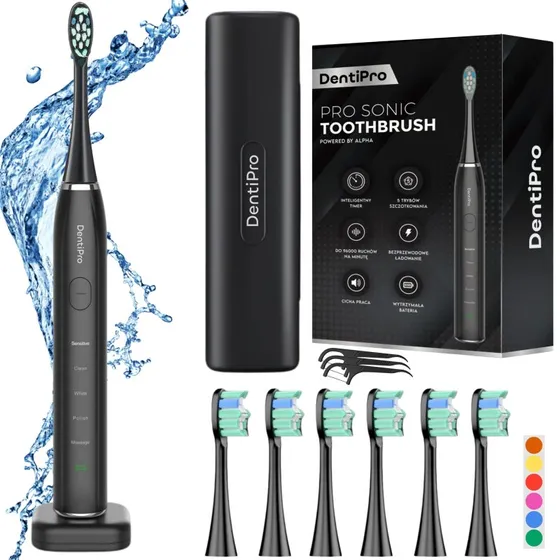 DentiPro STB-02 Szczoteczka Soniczna z 6 Gowicami i Etui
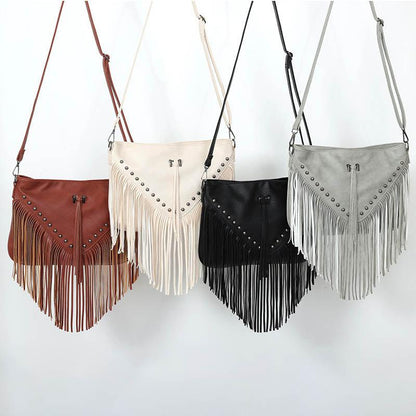 Trendy Riveted Tassel Shoulder Bag – Stylish and Practical Handbag with Tassels and Rivets Country in My Heart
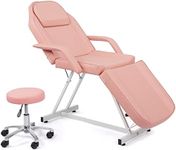 OmySalon Massage Salon Tattoo Chair Esthetician Bed with Upgraded Hydraulic Stool,Multi-Purpose 3-Section Facial Bed Table, Adjustable Beauty Barber Spa Beauty Equipment, Pink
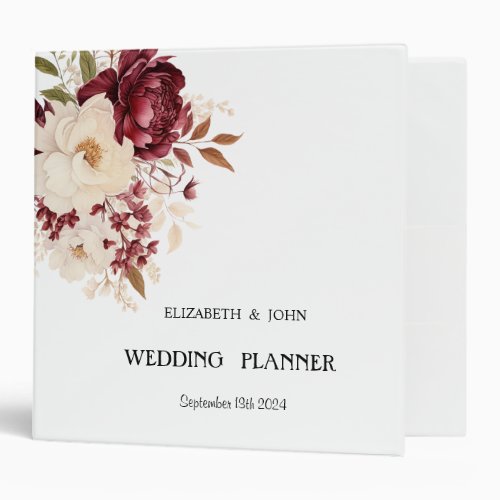 Elegant Burgundy White Flowers 3 Ring Binder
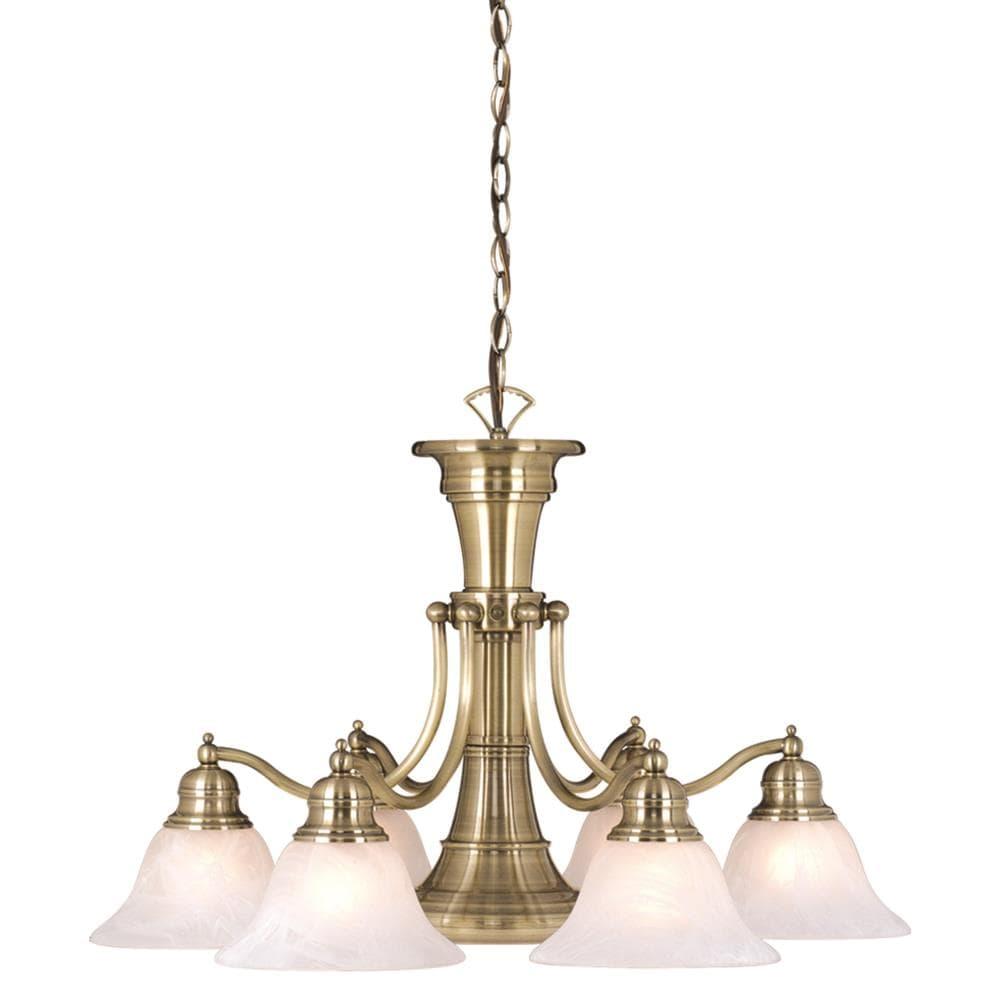 Vaxcel Standford 6 - Light Chandelier in  Antique Brass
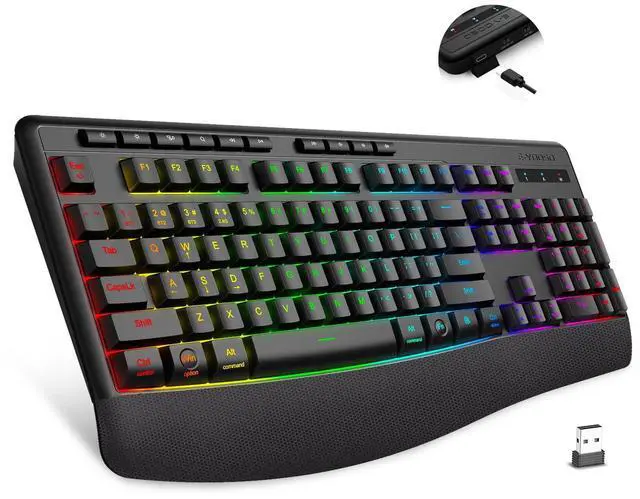 Main image of Wireless Bluethooth RGB Backlit Rechargeable Keyboard,Ergonomic Wrist Rest,Silent Touch Less Noise 90%,Full Size With Number Pad,Tri-mode BT5.0/2.4GHz/USB C Wired,For Win/Mac/PC Computer/Laptop/Office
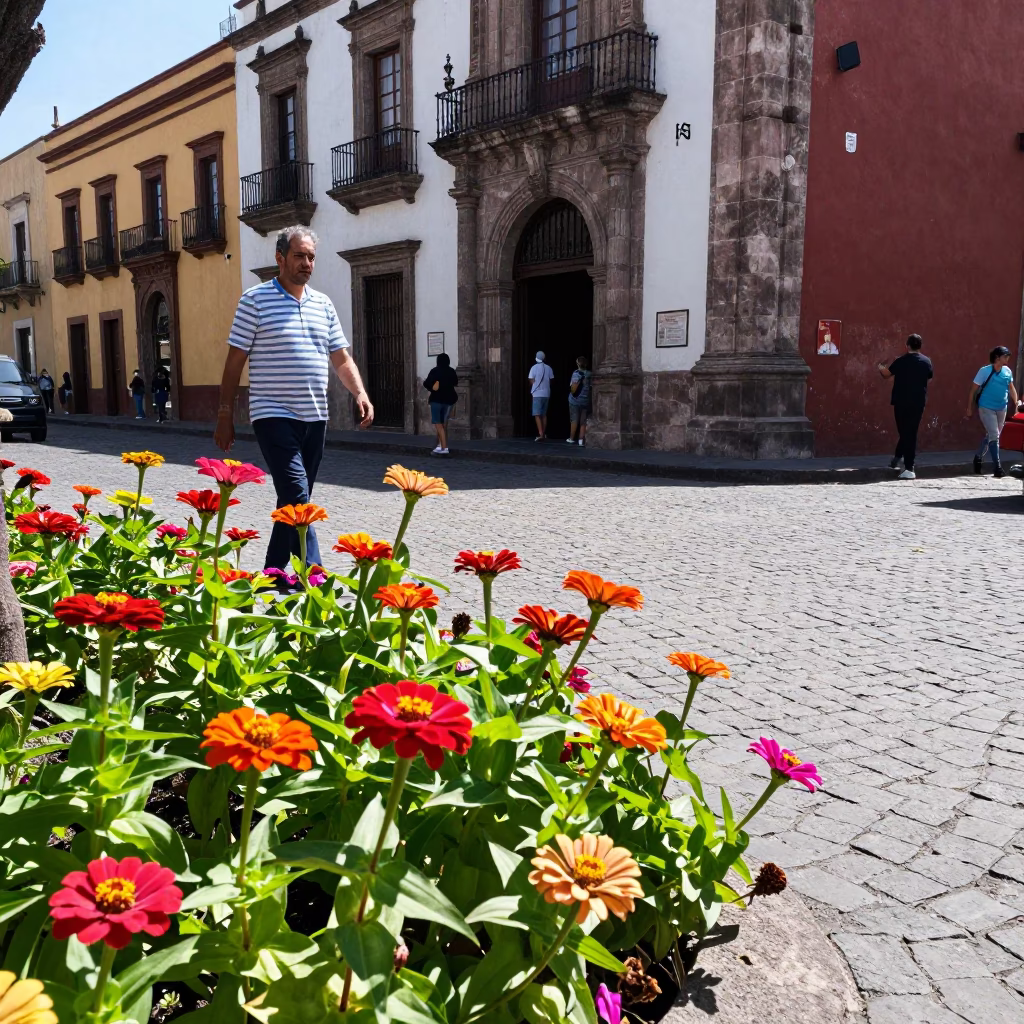 Bright Midmorning Street Scene in Mexico City with Zinnias and Cobblestone Architecture in in Mexico City, Mexico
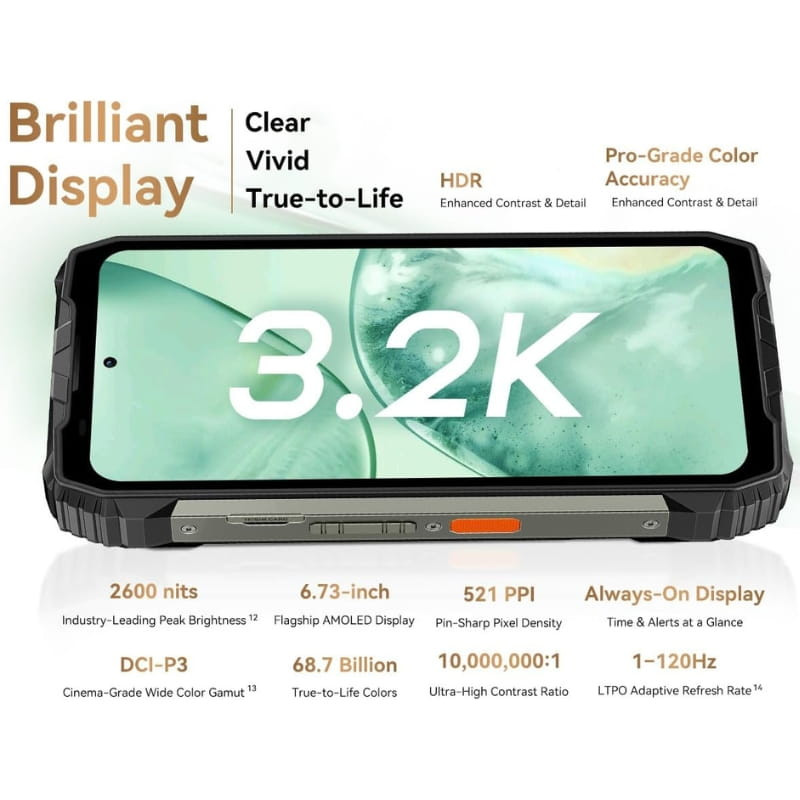 Smartphone robuste noir avec écran large bord à bord, bords renforcés antichoc, boutons latéraux texturés et port protégé, design outdoor 5G XPLORE 2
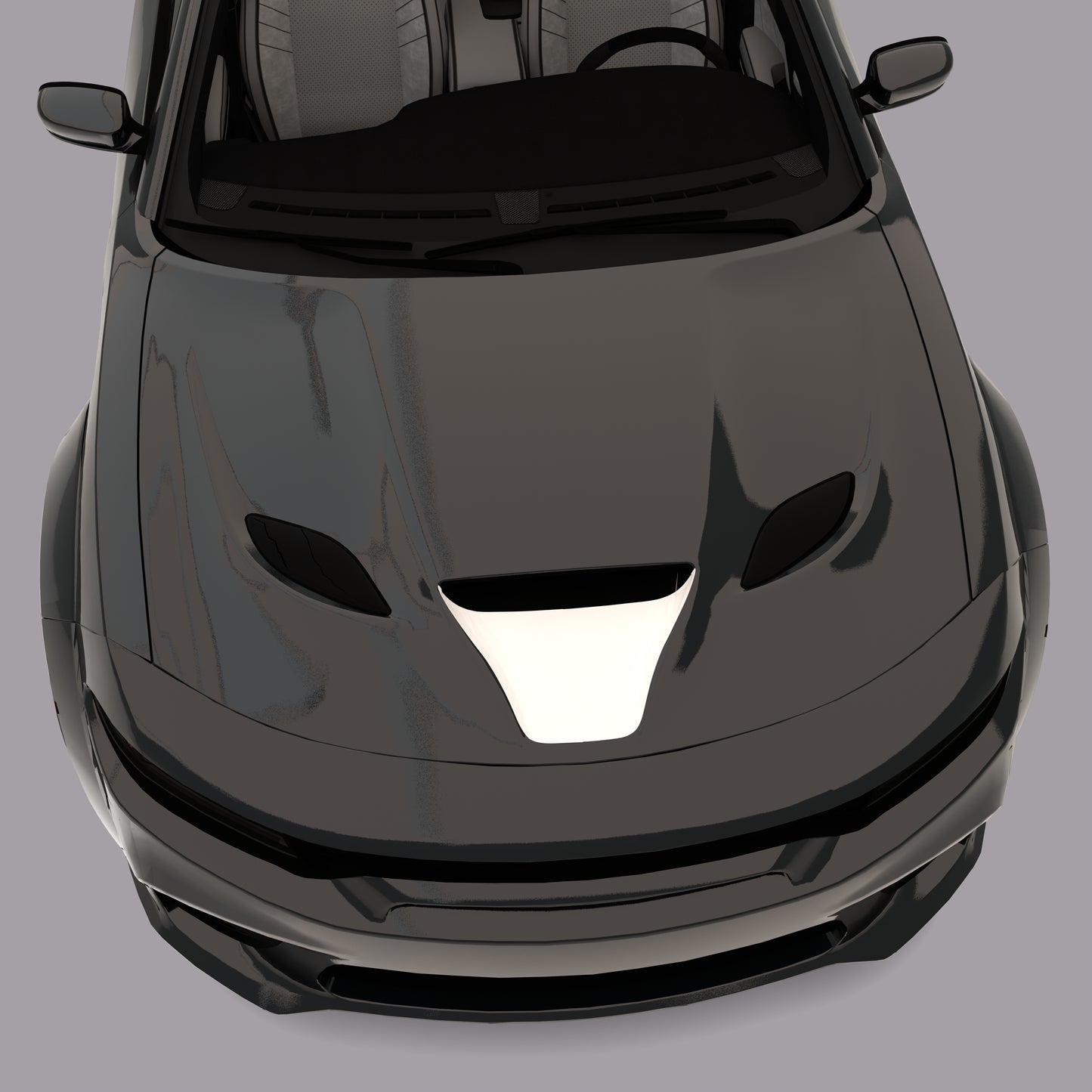 white car with white Hood Intake Scoop Decals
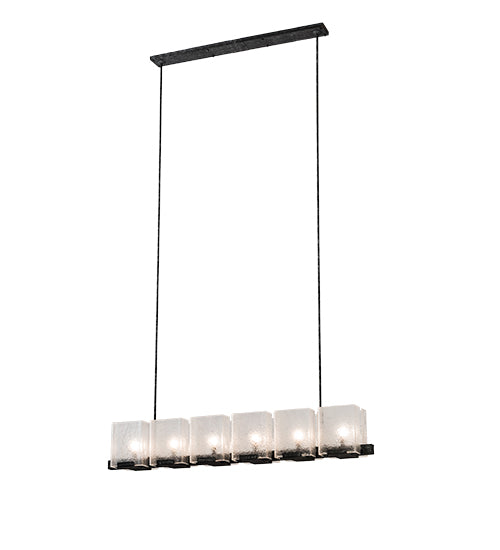 60" Long Ice Cube 6 Light Oblong Chandelier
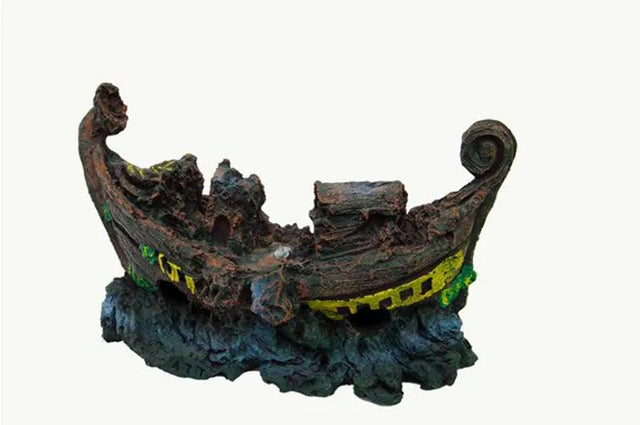 Viking Boat Shipwreck Aquarium Ornament Decoration - Mill Race Garden Centre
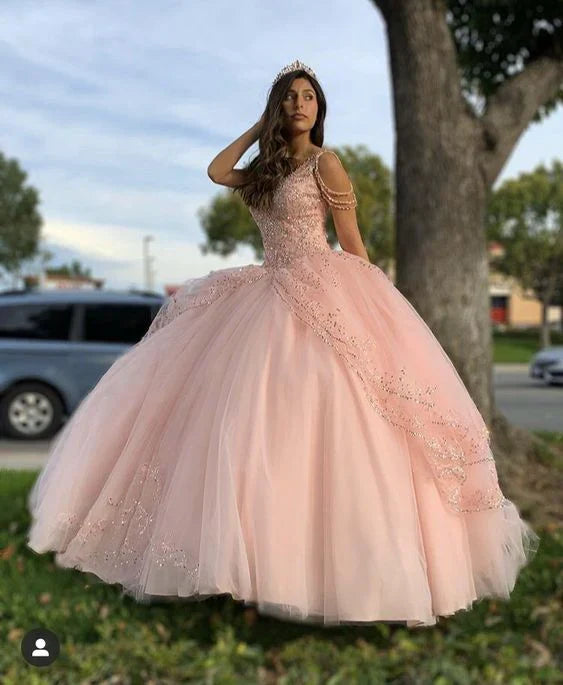 Elegant Pink Beaded Sweet 16 Quinceanera A-Line Tulle Floor-length Prom Dress Birthday Dress Evening Dress Ball Gown HZ1024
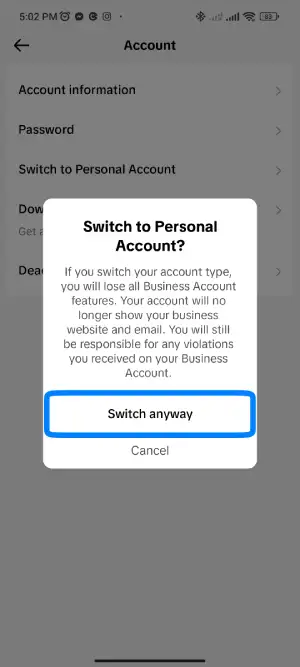 Tap On The‘ Switch Anyway’ Option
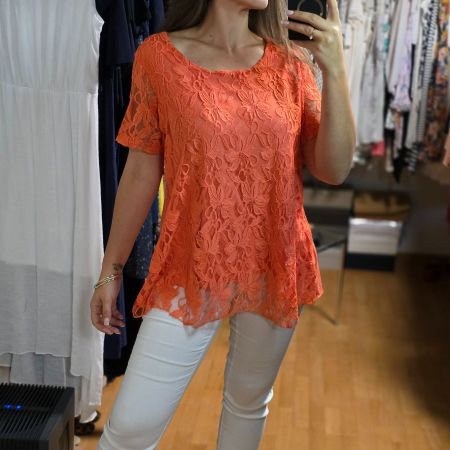 Lachsfarbene Bluse XL mit Spitze & Viskose 🌸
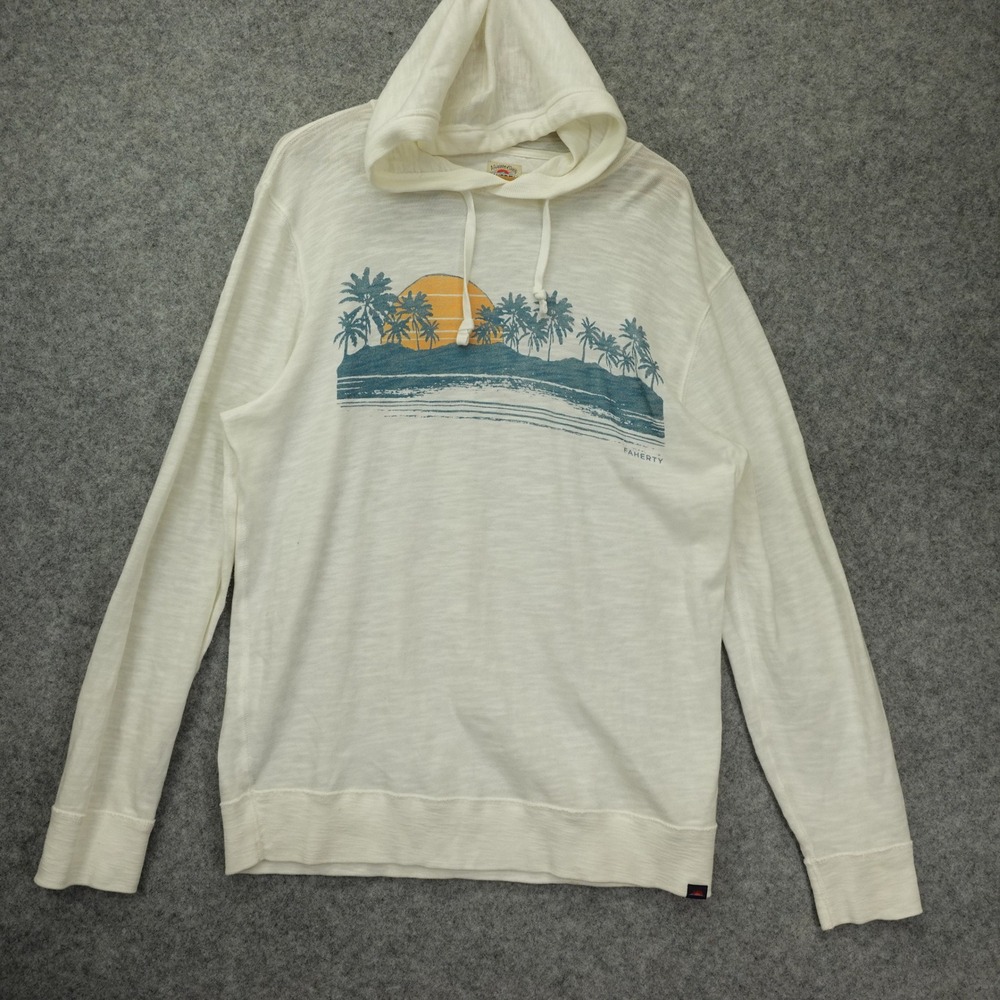 Cream Slub Cotton Hoodie FAHERTY Men L Palm Trees Sunset Graphic Beach Surf PERU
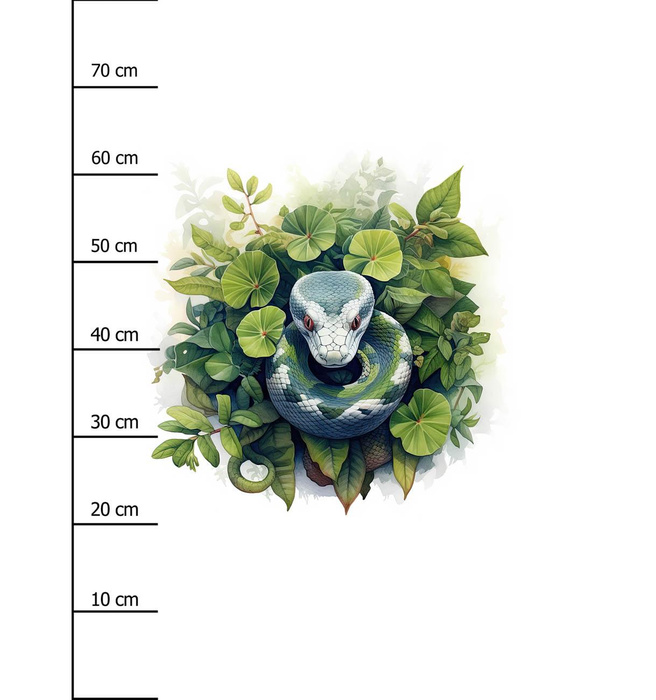 WATERCOLOR SNAKE - panel (75cm x 80cm) brushed knitwear with elastane ITY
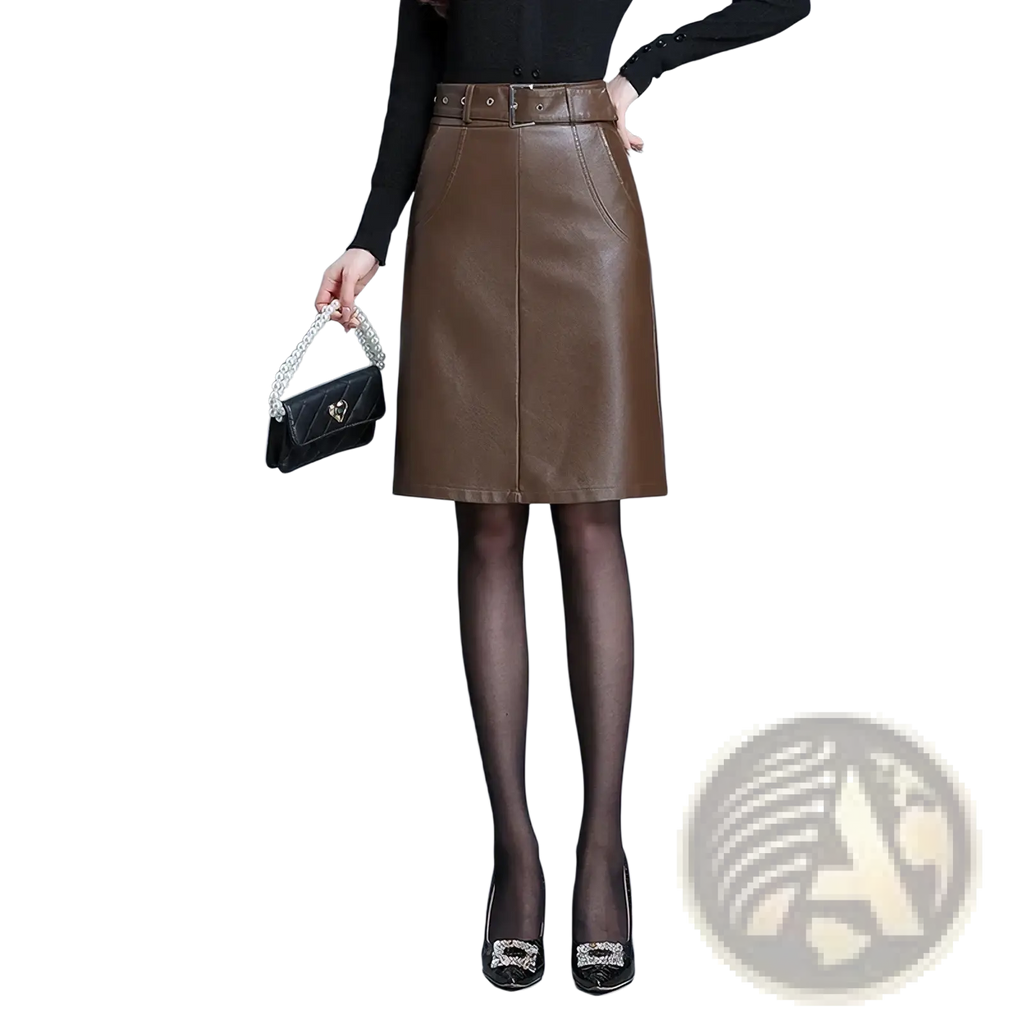 Brown faux leather a-line skirt with fitted waistband and front pockets shown alongside black faux leather pencil skirt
____________
> [WORK TO COMPLETE] The answer is the lines of the material above, from the one containing "Elegant Burgundy White Flowers 3 Ring Binder" down to the one containing "Main image of", given exactly and without images.

> [EXERCISE RESULT]
 Elegant Burgundy White Flowers 3 Ring Binder
 Vaxcel Standford 6 - Light Chandelier in  Antique Brass
 Main image of Wireless Bluethooth RGB Backlit Rechargeable Keyboard,Ergonomic Wrist Rest,Silent Touch Less Noise 90%,Full Size With Number Pad,Tri-mode BT5.0/2.4GHz/USB C Wired,For Win/Mac/PC Computer/Laptop/Office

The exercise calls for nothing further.